• _Exercise_
Your copy starts at the line containing "2017 Land Rover" and ends at the last line below. Copy exactly, without pictures.

• _Source material_
·····

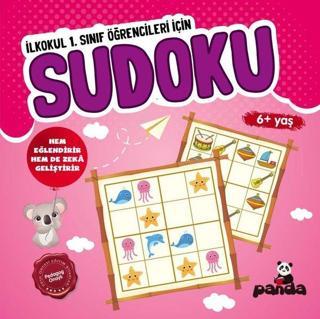 Sudoku 6 Yaş - İlkokul 1. Sınıflar İçin - Kolektif  - Panda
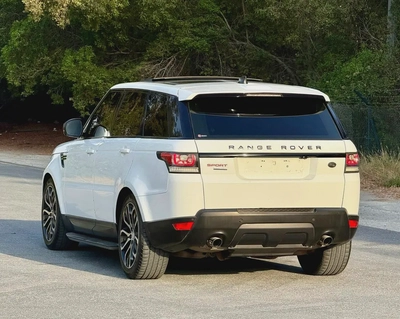 2017 Land Rover Range Rover Sport HSE Red Edition | GCC Specs صبغ وكالة استخدام مالك اول-9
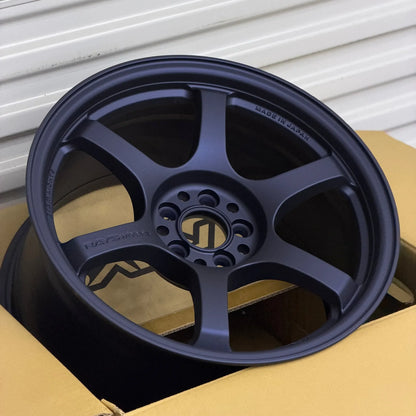 Gram Lights 57DR Overseas Limited 17x9 +38 5x100 Admiral Blue (SET)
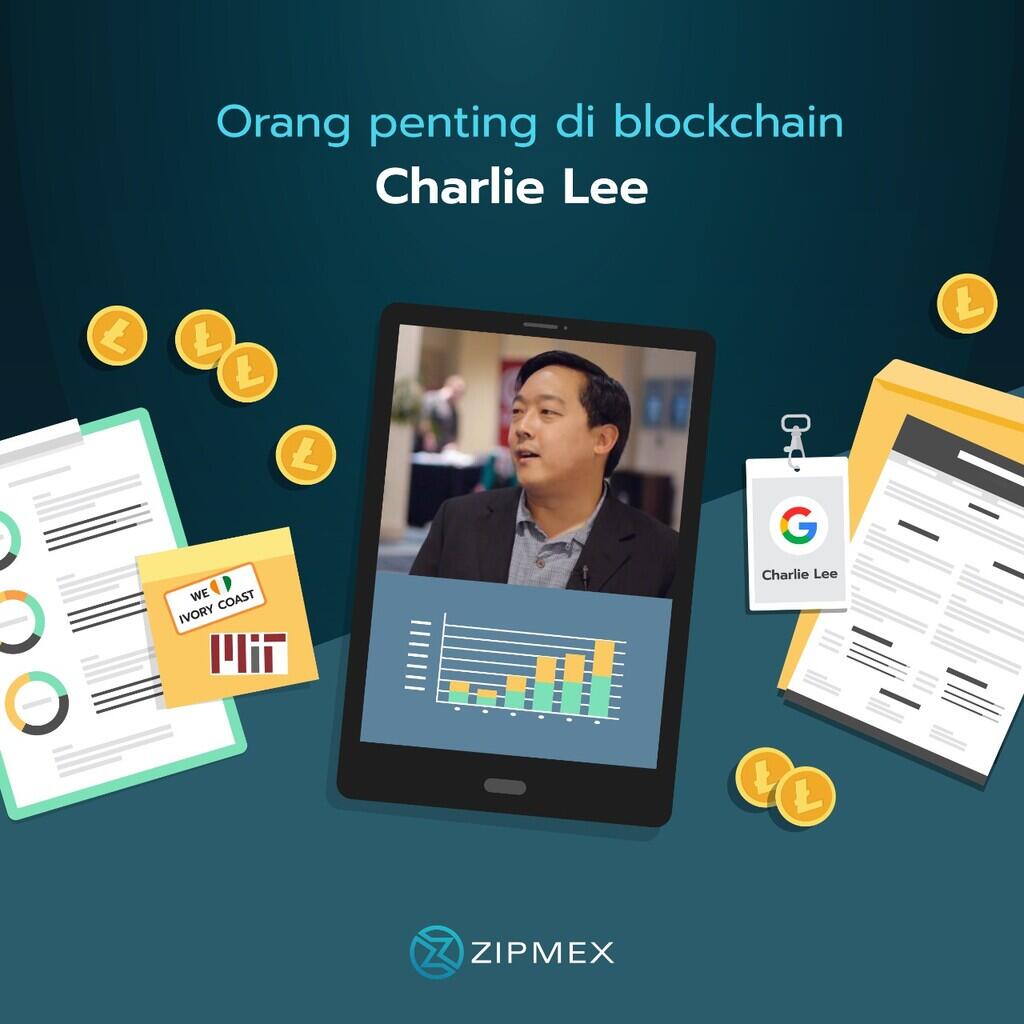 🕺🕺 Tokoh Blockchain: Episode Tiga | Charlie Lee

·····

• _Output for this task_
 2017 Land Rover Range Rover Sport HSE Red Edition | GCC Specs صبغ وكالة استخدام مالك اول-9
 Gram Lights 57DR Overseas Limited 17x9 +38 5x100 Admiral Blue (SET)
 🕺🕺 Tokoh Blockchain: Episode Tiga | Charlie Lee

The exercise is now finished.